====== Listed records
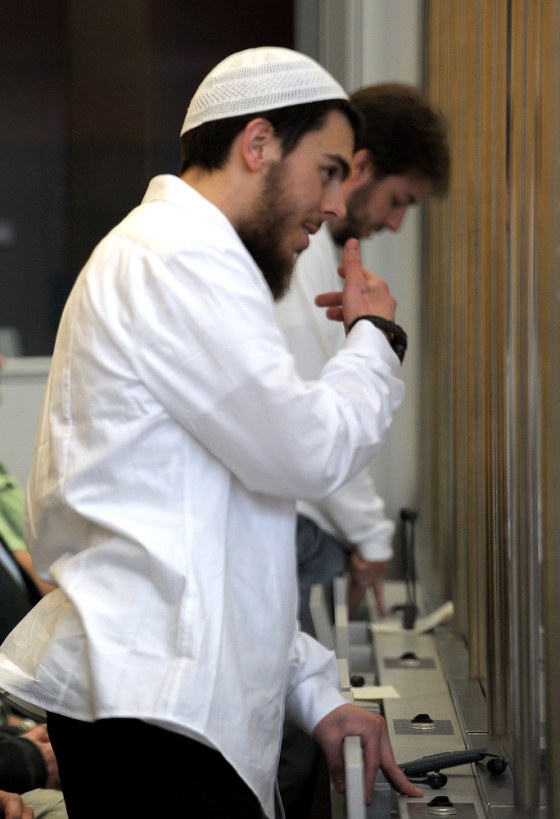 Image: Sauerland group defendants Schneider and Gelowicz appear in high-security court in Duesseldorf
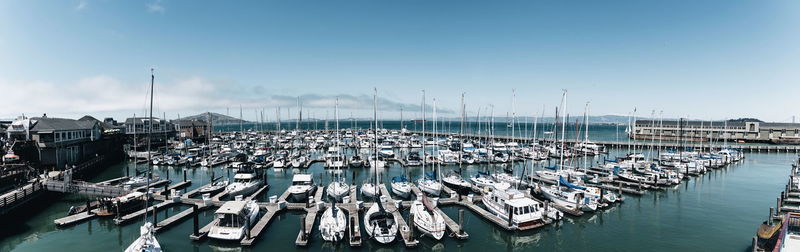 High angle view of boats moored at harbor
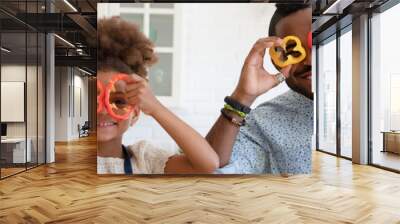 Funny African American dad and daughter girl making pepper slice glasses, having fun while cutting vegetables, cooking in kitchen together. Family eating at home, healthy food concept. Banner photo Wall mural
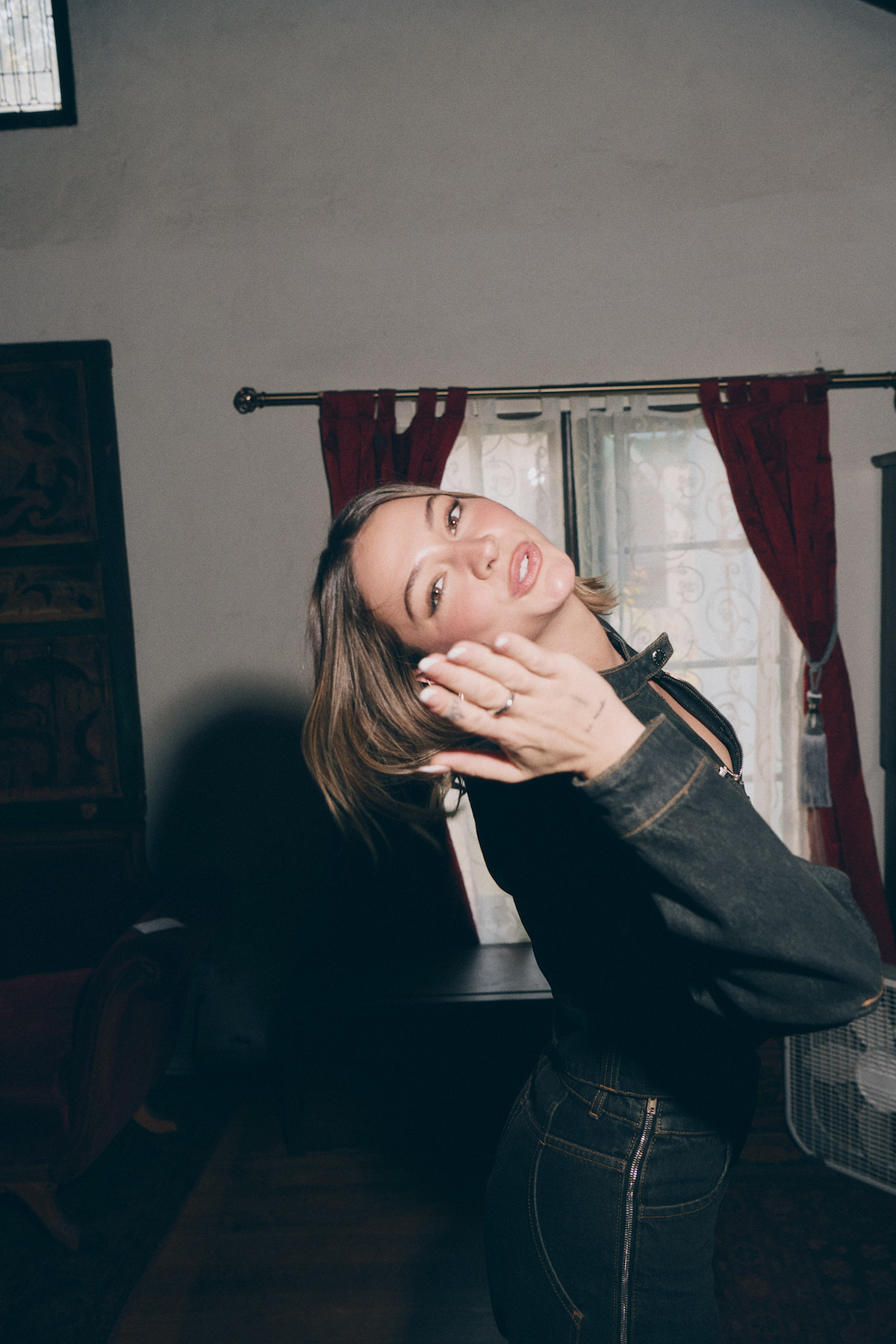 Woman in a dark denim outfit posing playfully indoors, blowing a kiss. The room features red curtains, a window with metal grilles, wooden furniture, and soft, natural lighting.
============
====== Listed records
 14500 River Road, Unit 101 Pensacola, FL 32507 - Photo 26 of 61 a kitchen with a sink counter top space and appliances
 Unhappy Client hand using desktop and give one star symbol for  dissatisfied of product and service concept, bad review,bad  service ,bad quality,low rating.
============
> _Instructions to follow_:
Going by the data above, give back only the lines from the one containing "High angle view of boats moored at harbor" through the one containing "Funny African American", exactly as they stand, both ends included and no images.

> _Response below_:
 High angle view of boats moored at harbor
 Funny African American dad and daughter girl making pepper slice glasses, having fun while cutting vegetables, cooking in kitchen together. Family eating at home, healthy food concept. Banner photo Wall mural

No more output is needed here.